I don’t remember the exact conversation I had with Dan Thorsland at Dark Horse that resulted in me writing an adaptation of “The Mummy.” Tony Harris may have told Dan that he wanted to work on it with me, or Dan may have brought it up independently of Tony. (It was a really long time ago, and I never bothered keeping a journal.) But however it happened, in either late 1990 or early 1991, I landed this job, and I do know that one of my first questions to Dan T. was, “Is there any particular way you want me to approach this?” And that his answer was, “Yeah - watch the movie a bunch of times and then write the script.”
I didn’t find that directive overly helpful.
What became clear was that Dan Thorsland did not consider it his job to teach me how to write an adaptation. He wanted me either to figure it out for myself, or get educated somewhere else. Well, at that point, everyone I knew in comics was either a) an artist, or b) Dan Thorsland, so I settled on figuring it out for myself.
Welcome to On-The-Job Training!
Now, please understand, I bore Dan no ill will for this approach. It actually pleased me - I felt as though HE felt that I was perfectly capable of doing this, so I took it as a sign of respect. It reminded me strongly of my first term in college, when one of my classmates asked our Sociology professor if he was going to tell us which topics would be covered on the first exam. The professor’s response was, “Of course not! That’s your job!” And I thought, Wow, I’m in college! Cool!
Anyway. Dan did send me a copy of the movie (on pristine VHS, still in the plastic). So I spent a couple of days staring at the box, trying to decide how to go about writing the actual script.
Comic book scripts are their own creatures. There are fundamental differences between scripts for comics and scripts for TV, movies, stage plays, and video games. First and foremost, the images are static. There can be no, “John takes the gun out of the drawer, spins the cylinder, and slips it into his pocket.” If you want to convey that information, you need three images:
- John stands in front of the drawer, which he’s pulled open. He’s holding the gun in his right hand, eyeballing it critically.
- New angle on John, closer in on the gun, as he spins the cylinder with his left hand.
- Turning away from the drawer, John drops the gun into his pocket.
There are quite a few great big awesome books on the subject of creating comics, and I’m not going to try to explain everything about how comics work here, because those books do it better. (Seriously, pick up “Understanding Comics” by Scott McCloud. It’ll blow your mind.) But I’ll touch on a few essentials, and the static nature of the images is one of them. For “The Mummy,” I knew I had to isolate the most important images, the crucial visual bits that advanced the story and established the characters.

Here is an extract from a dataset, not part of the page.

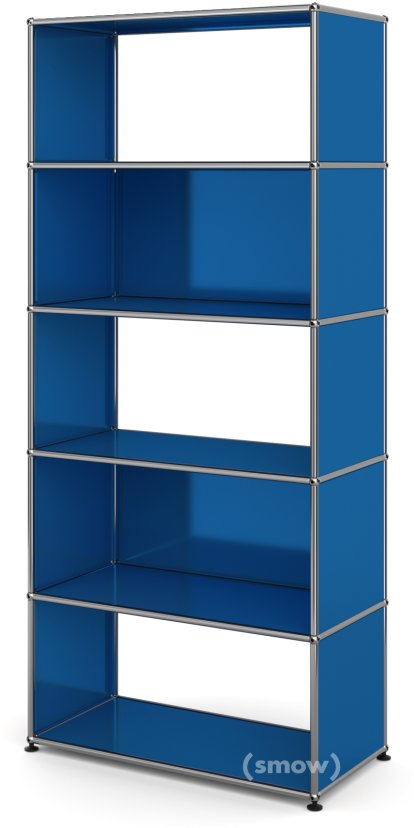 USM Haller Wohnzimmer Regal M Typ 1, 2 Rückwände, Enzianblau RAL 5010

And eventually I settled on probably the most obvious method possible: I put the tape in the VCR, hit PLAY, and every time the movie cut to a new significant image, I hit PAUSE and scribbled down a description of that image in my notebook. It looked sort of like this:
- Long shot of Ardeth Bey in silhouette, riding a horse that’s being led by a servant, approaching the house
- Girl in the house hears a knock at the door
- Ardeth Bey at the door as the girl opens it
- Zoom in on Ardeth Bey’s eyes as he starts to hypnotize her
Each of those images became one panel in the script. (I would go back later and copy down all the dialogue. I had no Internet to look up the screenplay, and none of my local libraries carried it.)
Then it actually became something of a math problem - a formula that, with slight modifications, I would end up using on every single comic book project I ever worked on after that. Basically I took the number of panels I had jotted down (around 170) and divided it by the number of pages the project was allotted (48). That gave me 3.5, which was the average number of panels I could have on a page and still tell the story in a coherent way.
Of course you can’t have half a panel on a page, but all that meant was that some pages could have four panels and others might only have one or two. Mix and match.
So I mapped out how the panels would fall on the pages, and kept as much of the movie’s dialogue intact as I could, and eventually turned in my script. To my recollection, Dan Thorsland didn’t change a single word of it.